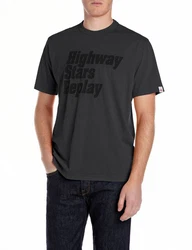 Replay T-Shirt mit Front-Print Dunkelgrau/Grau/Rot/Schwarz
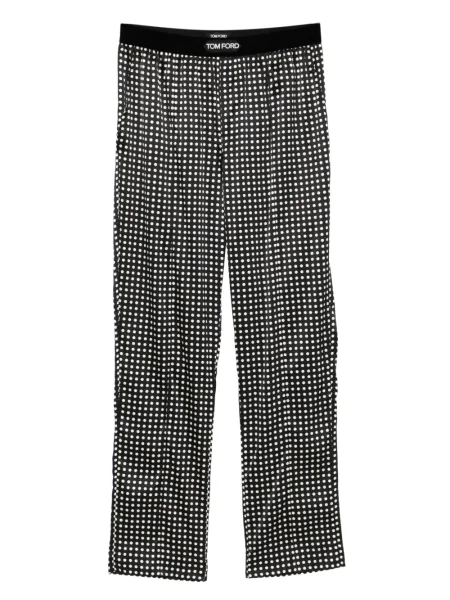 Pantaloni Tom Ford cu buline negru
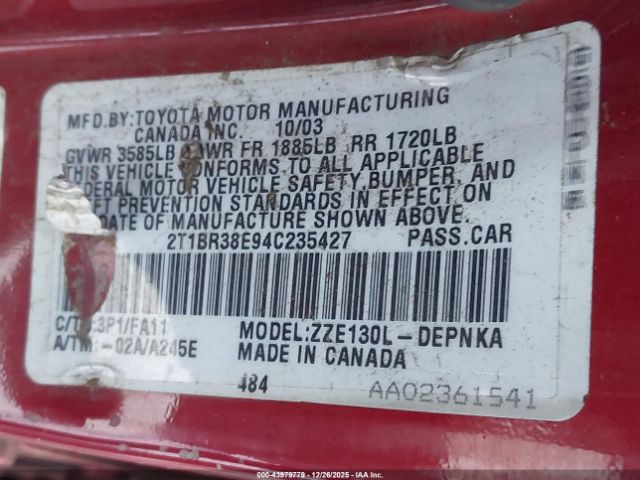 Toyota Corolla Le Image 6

□ □ □ □

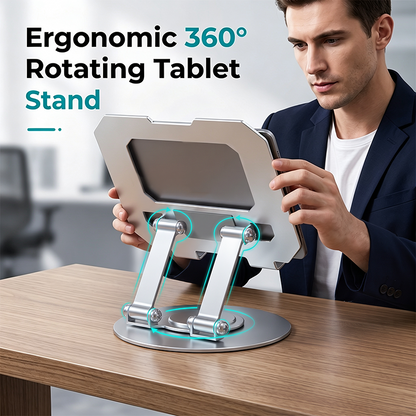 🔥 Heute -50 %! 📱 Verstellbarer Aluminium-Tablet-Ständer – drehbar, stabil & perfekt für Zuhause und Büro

□ □ □ □

*THE TASK*
Could you transcribe exactly the entries above, but only the lines from the one with "Replay T-Shirt mit" through the one with "Toyota Corolla Le Image 6", and without pictures?

*SOLUTION*
 Replay T-Shirt mit Front-Print Dunkelgrau/Grau/Rot/Schwarz
 Pantaloni Tom Ford cu buline negru
 Toyota Corolla Le Image 6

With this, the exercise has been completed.